Los vendedores ambulantes se me lanzaban por las calles, me agarraban del brazo para forzarme a comprar algo o me expresaban clemencia en un idioma que me sonaba a hindi. Yo, por mi parte, me libraba de ellos con suma facilidad; no por intención propia, sino porque seguía cavilando sobre destino que se les había asignado a los niños. Dejé de especular sobre su pasado y me centré un poco más en su presente y en su futuro.
Si volvía a la Vieja Delhi, ya al anochecer, es posible que los encontrara durmiendo en el suelo, delante de la puerta de una tienda o en un rincón; rodeado de ratas y perros. Es una escena que se ve mucho en la India pero, como todo en esta vida, la impresión es mayor si se trata de chiquillos. ¿Y en la época del monzón? Me preguntaba yo. Seguro que eran lo suficiente espabilados para encontrar algún cobertizo donde meterse, algún templo donde protegerse y si no conseguían ninguna de estas dos opciones, siempre podían resguardarse debajo de un coche aparcado.
Volviendo a ráfagas optimistas, planteé fugazmente la posibilidad que una buena familia los hubiera adoptado, de manera no oficial, dándoles algo de comida de vez en cuando, por ejemplo.

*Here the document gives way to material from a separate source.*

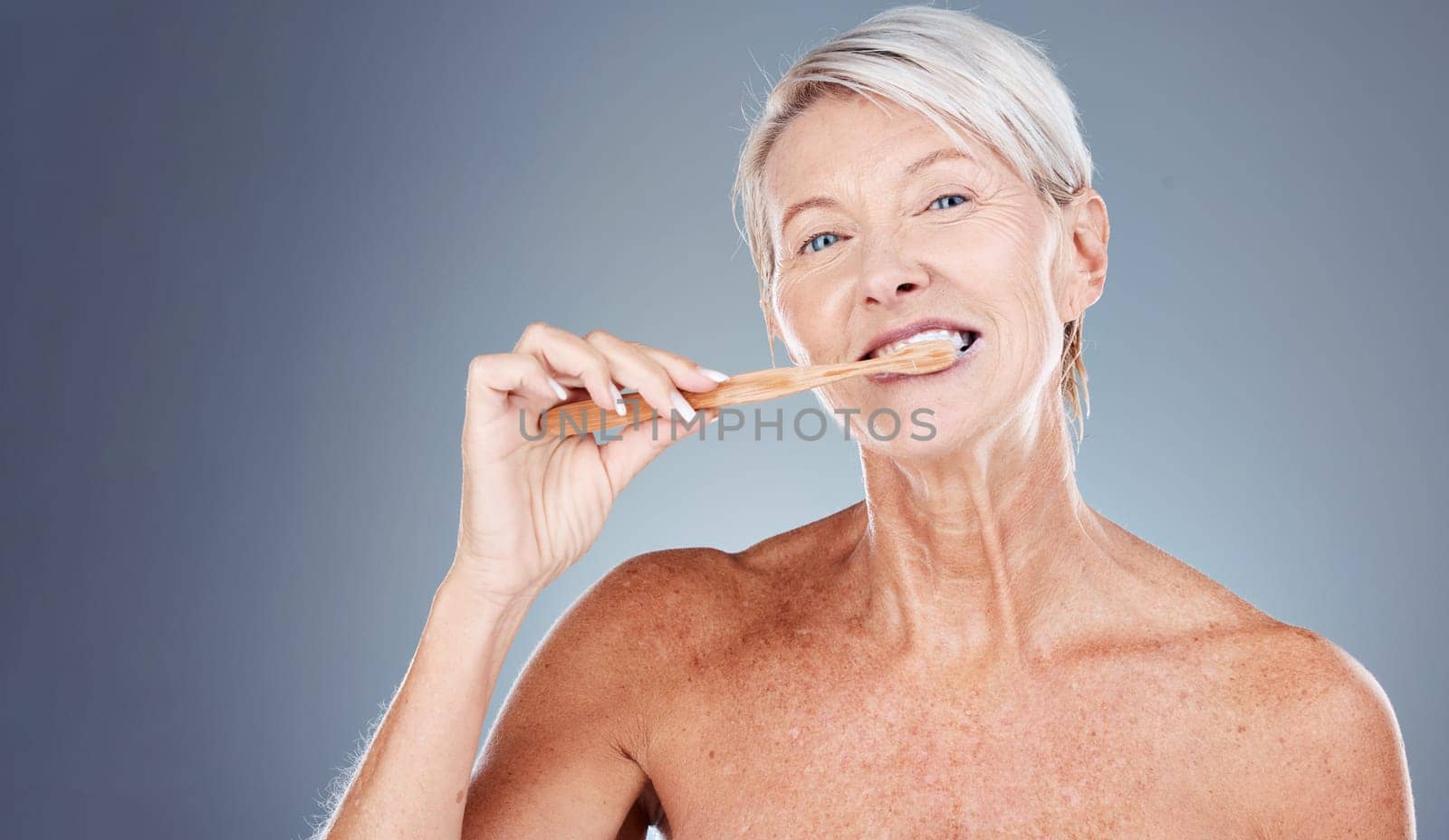 Brushing teeth, portrait and senior woman in studio for dental, mouth and tooth wellness with product marketing, advertising and promotion space. Elderly model with toothbrush for morning care mockup by YuriArcurs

No obstante, recapacitando un poco y situándome en un contexto real llegué a la conclusión que la gente en la India ya tiene suficientes dificultades para cuidarse y alimentarse a sí misma como para estar ayudando además a los miles de infantes callejeros.
La amargura que me corroía por dentro, debido a mi análisis y mis suposiciones, sabía a miel en comparación a lo que sentí cuando comprendí que esa horrorosa verdad tenía una continuidad larga y duradera. Los niños se encontraban aprisionados en la trampa de la desgracia. Adoptando el enfoque clásico, el hecho de tener que luchar por su sobrevivencia, pensando en el día a día, nunca en el mañana, significaba que estas criaturas no podían ir a la escuela. De este modo, la única puerta de salvación o de mejora estaba cerrada con doble llave y pestillo. Esto significaba que tendrían que permanecer siempre en la baja escala económica, realizando las peores y más desagradables tareas para seguir adelante, centrados en el hoy, nunca en lo venidero.